Object Detection - Quick Start

Object detection is the process of identifying and localizing objects in an image and is an important task in computer vision. Follow this tutorial to learn how to use AutoGluon for object detection.

Tip: If you are new to AutoGluon, review Image Prediction - Quick Start first to learn the basics of the AutoGluon API.

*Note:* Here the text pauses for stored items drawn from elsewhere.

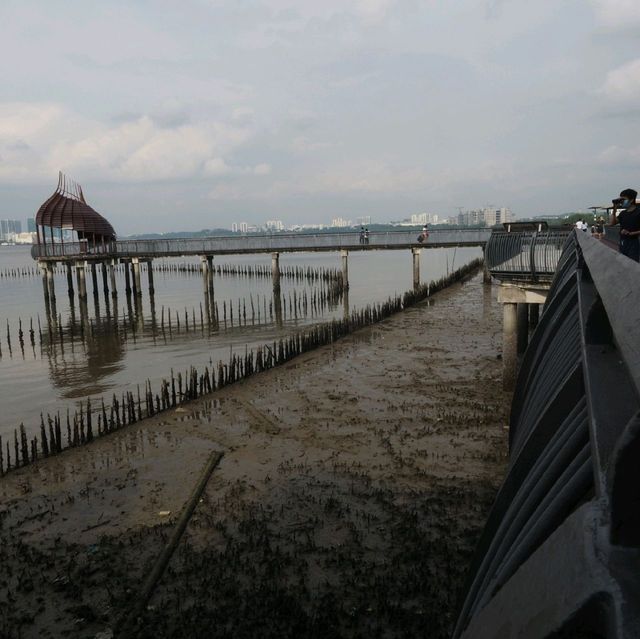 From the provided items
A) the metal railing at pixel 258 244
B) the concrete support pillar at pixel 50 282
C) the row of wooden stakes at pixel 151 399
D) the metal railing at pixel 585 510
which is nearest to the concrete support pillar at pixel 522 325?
the row of wooden stakes at pixel 151 399

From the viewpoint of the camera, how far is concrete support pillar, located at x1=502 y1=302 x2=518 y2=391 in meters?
16.2

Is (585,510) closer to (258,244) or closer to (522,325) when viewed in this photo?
(522,325)

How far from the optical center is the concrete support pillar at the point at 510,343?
1621 cm

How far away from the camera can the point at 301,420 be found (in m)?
15.3

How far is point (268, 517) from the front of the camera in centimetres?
967

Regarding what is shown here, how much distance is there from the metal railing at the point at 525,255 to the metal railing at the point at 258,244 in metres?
30.9

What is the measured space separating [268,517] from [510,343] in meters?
9.59

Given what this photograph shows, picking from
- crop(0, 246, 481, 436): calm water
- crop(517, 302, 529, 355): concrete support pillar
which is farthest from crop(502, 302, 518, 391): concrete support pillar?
crop(0, 246, 481, 436): calm water

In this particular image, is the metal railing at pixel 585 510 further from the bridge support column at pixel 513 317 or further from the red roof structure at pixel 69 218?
the red roof structure at pixel 69 218

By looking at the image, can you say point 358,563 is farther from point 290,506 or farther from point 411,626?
point 290,506

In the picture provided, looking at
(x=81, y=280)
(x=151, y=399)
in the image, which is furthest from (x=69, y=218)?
(x=151, y=399)

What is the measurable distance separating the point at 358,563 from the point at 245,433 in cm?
679

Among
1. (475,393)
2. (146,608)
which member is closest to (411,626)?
(146,608)

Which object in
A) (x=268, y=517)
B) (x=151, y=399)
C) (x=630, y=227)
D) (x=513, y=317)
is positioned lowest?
(x=268, y=517) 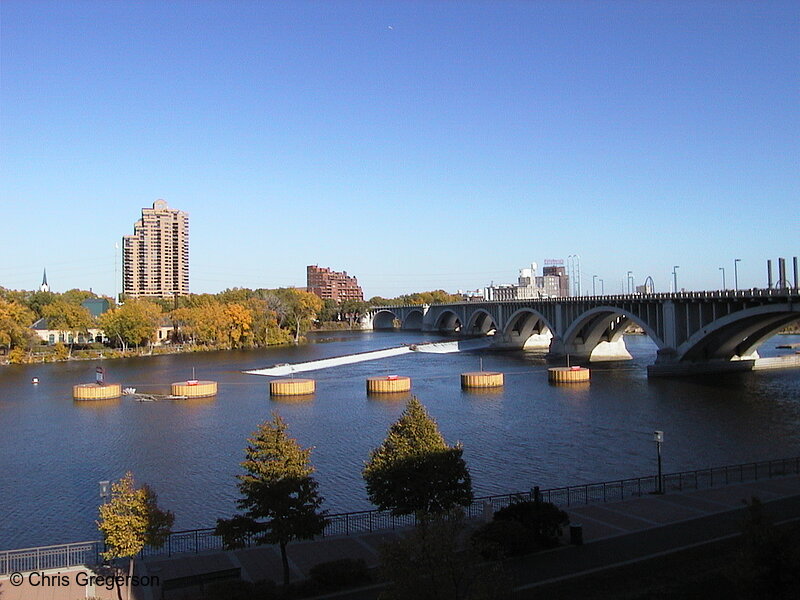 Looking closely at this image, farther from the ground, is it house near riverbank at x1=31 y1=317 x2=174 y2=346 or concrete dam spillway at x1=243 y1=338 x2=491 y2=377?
house near riverbank at x1=31 y1=317 x2=174 y2=346

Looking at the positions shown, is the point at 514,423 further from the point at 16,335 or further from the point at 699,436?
the point at 16,335

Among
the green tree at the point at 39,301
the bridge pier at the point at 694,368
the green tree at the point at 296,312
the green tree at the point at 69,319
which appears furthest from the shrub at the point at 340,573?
the green tree at the point at 39,301

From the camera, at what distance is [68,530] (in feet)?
79.6

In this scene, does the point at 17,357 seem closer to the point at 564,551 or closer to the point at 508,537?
the point at 508,537

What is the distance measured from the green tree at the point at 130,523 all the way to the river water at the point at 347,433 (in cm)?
785

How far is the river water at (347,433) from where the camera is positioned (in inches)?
1127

Our goal is to detect motorbike in images by YOLOv3 model. A tiny dataset is collected from VOC dataset, which only contains the motorbike category. The model pretrained on the COCO dataset is used to fine-tune our small dataset. With the help of AutoGluon, we are able to try many models with different hyperparameters automatically, and return the best one as our final model.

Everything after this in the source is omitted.